• ACTIVITY
The span to be transcribed begins with the line that contains "Micah leotard in" and ends with the last line of the listing; copy it exactly and include nothing else.

• DATASET RECORDS
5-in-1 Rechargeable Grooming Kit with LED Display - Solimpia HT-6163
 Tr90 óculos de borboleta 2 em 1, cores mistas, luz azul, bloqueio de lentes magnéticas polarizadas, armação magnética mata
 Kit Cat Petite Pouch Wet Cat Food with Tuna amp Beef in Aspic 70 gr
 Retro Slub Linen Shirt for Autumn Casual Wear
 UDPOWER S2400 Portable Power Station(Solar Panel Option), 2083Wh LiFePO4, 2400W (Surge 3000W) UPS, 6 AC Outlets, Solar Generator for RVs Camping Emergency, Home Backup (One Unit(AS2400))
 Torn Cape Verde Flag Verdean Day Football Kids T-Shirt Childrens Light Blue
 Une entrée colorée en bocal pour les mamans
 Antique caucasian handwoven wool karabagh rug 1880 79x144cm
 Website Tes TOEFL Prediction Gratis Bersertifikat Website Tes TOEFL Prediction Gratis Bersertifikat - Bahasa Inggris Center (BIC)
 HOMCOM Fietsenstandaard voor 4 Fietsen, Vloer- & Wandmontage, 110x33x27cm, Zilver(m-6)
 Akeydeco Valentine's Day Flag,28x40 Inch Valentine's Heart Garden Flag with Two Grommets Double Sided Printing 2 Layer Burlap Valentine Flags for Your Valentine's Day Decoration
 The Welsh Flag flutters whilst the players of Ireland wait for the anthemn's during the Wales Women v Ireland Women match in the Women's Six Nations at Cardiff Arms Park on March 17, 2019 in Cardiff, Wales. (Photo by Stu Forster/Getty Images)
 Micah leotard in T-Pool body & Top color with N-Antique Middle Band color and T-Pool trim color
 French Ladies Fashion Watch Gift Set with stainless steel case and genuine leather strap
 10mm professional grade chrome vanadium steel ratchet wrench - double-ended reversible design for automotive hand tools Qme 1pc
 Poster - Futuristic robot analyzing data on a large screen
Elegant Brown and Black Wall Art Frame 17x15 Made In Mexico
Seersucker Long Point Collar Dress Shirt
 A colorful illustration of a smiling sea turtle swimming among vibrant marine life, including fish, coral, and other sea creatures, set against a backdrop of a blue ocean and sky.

• TASK SOLUTION
 Micah leotard in T-Pool body & Top color with N-Antique Middle Band color and T-Pool trim color
 French Ladies Fashion Watch Gift Set with stainless steel case and genuine leather strap
 10mm professional grade chrome vanadium steel ratchet wrench - double-ended reversible design for automotive hand tools Qme 1pc
 Poster - Futuristic robot analyzing data on a large screen
Elegant Brown and Black Wall Art Frame 17x15 Made In Mexico
Seersucker Long Point Collar Dress Shirt
 A colorful illustration of a smiling sea turtle swimming among vibrant marine life, including fish, coral, and other sea creatures, set against a backdrop of a blue ocean and sky.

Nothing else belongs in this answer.